Displacement

Last update: June 2025 | Next update: June 2026

Close to 50 million children had been displaced due to conflict and violence globally by the end of 2024

The total number of children displaced by conflict and violence rose to 48.8 million by the end of 2024, with large populations of children driven from home in places around the world: Sudan, Myanmar, the Gaza Strip, the Democratic Republic of the Congo and Afghanistan. This number includes some 19.1 million refugee children and asylum-seekers (15.0 million refugees under UNHCR mandate and other children in need of international protection[1], 1.7 million Palestine children registered as refugees with UNRWA[2]) and around 2.7 million asylum-seeking children) and an estimated 29.4 million children displaced within their own countries by conflict and violence.

Data show that an additional 4.4 million children were living in situations of internal displacement at the end of 2024 because of disasters.

Between 2010 and 2024, the global number of displaced children nearly tripled from around 17.0 million to 48.8 million. According to UNHCR, more than 2.3 million children were born as refugees from 2018 to 2024 alone, the equivalent of 337,800 children each year.

Footnotes

[1] The category “Other people in need of international protection” (OIP) refers to “people who are outside their country or territory of origin, typically because they have been forcibly displaced across international borders, who have not been reported under other categories (asylum-seekers, refugees, people in refugee-like situations) but who likely need international protection, including protection against forced return, as well as access to basic services on a temporary or longer-term basis” (Source: UNHCR 2025, Refugee Data Finder.

[2] In total, 6 million Palestine refugees are registered in Jordan, Lebanon, Syria, Gaza, and the West Bank with the United Nations Relief and Works Agency for Palestine Refugees in the Near East (UNRWA). These refugees are outside of the mandate of UNHCR.

 

Displacement data

Notes on the data

Definitions

International migrants: Persons living in a country or area other than their country of birth.

Refugees: Persons who are outside their country of nationality or habitual residence, who cannot return due to a well-founded fear of being persecuted because of their race, religion, nationality, membership of a particular social group or political opinion. This number only accounts for those who have been recognized as refugees or find themselves in refugee-like situations. Data are presented in thousands.

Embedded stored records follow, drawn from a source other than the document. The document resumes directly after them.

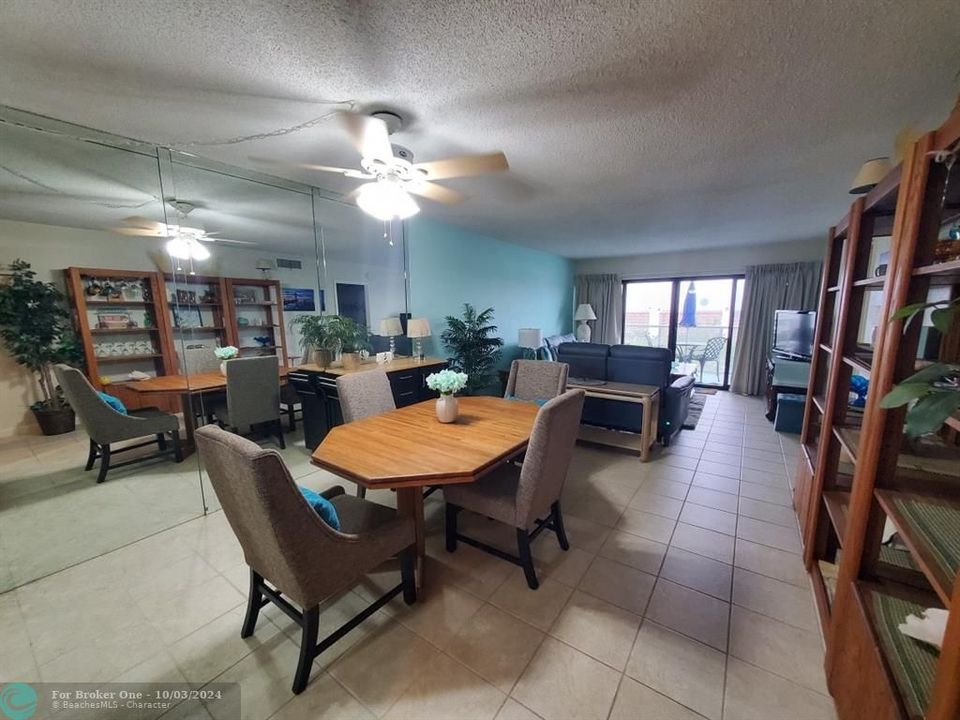 For Sale: $425,000 (2 beds, 2 baths, 1180 Square Feet)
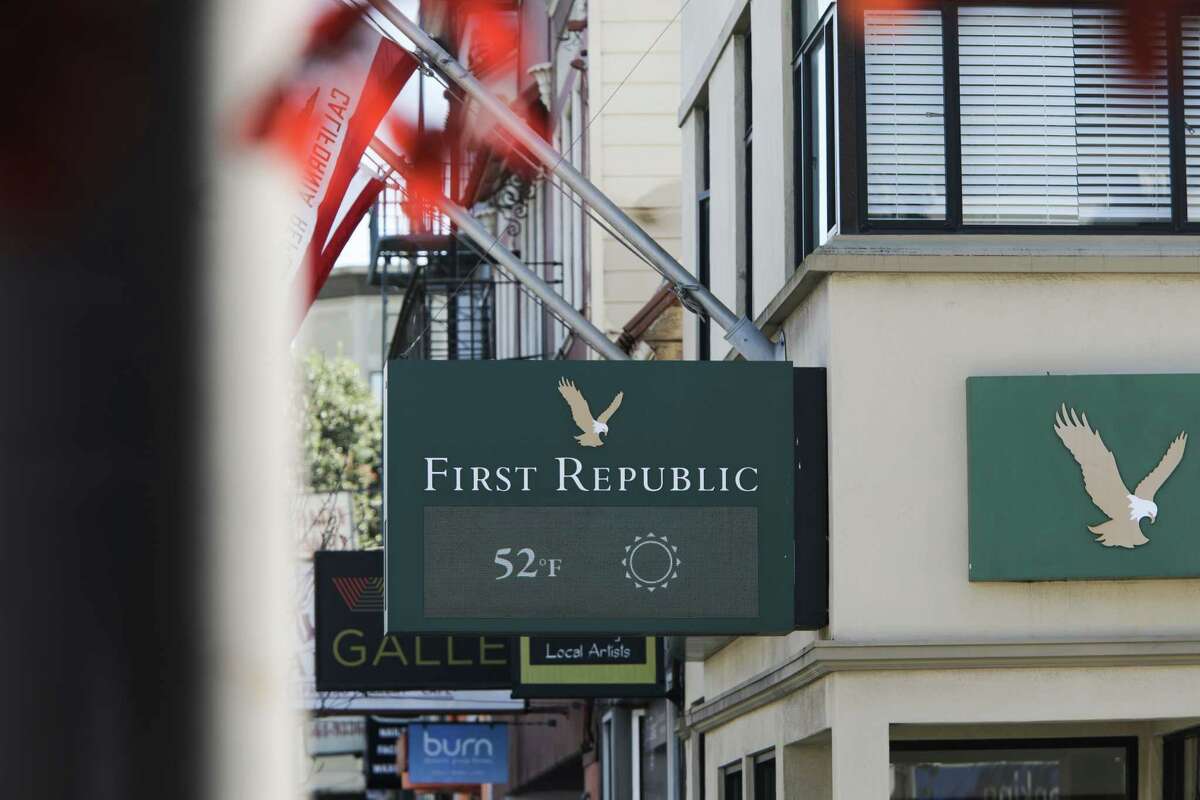 第一共和国银行(First Republic Bank)股价周一大幅下挫，各银行都在探索帮助这家陷入困境的银行的新方法。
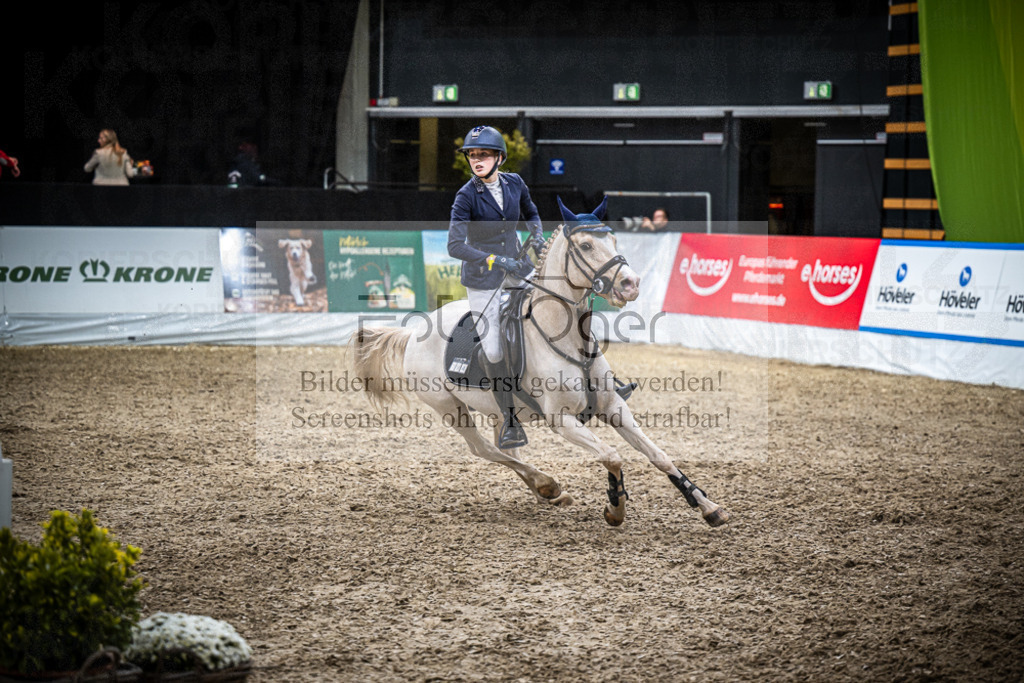DOS_3470 | Entdecke hochwertige Reitturnierfotos von Foto Oger. Professionell, emotional und authentisch – jetzt Lieblingsmomente im Shop bestellen.Deutschlandweite Turnierfotografie. - Realisiert mit Pictrs.com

Asylum seeker: Persons whose application for asylum or refugee status is pending at any stage in the asylum procedure. If granted, persons are regarded as refugees. Data are presented in thousands.

Internal displaced persons: Persons who have been forced or obliged to flee or leave their homes or places of habitual residence, in particular as a result of or in order to avoid the effects of armed conflict, situations of generalized violence, violations of human rights or natural or human-made disasters, and who have not crossed an internationally recognized border. Data presented in this table refer only to persons displaced due to conflict and violence. Data are presented in thousands.

Other people in need of international protection (OIP): People who are outside their country or territory of origin, typically because they have been forcibly displaced across international borders, who have not been reported under other categories (asylum-seekers, refugees, people in refugee-like situations) but who likely need international protection, including protection against forced return, as well as access to basic services on a temporary or longer-term basis.“ Venezuelans previously designated as “Venezuelans displaced abroad” are included in this new category. This change has been made retroactively in UNHCR’s statistics since 2018.

Sources

Total population by country or area: United Nations, Department of Economic and Social Affairs, Population Division (2024), World Population Prospects 2024.

Refugees by country of asylum: United Nations High Commissioner for Refugees, Global Trends: Forced Displacement in 2024, UNHCR, Geneva, 2025.

Refugees by country of origin: United Nations High Commissioner for Refugees, Global Trends: Forced Displacement in 2024. UNHCR, Geneva, 2025. Share of under 18 from UNHCR unpublished data, cited with permission.

Asylum seekers: United Nations High Commissioner for Refugees, Global Trends: Forced Displacement in 2024, UNHCR, Geneva, 2025.

Internally displaced persons (IDPs): Internal Displacement Monitoring Centre, Global Internal Displacement Database (GIDD), IDMC, 2025.

UNRWA Palestine refugees: United Nations High Commissioner for Refugees, Global Trends: Forced Displacement in 2024, UNHCR, Geneva, 2025.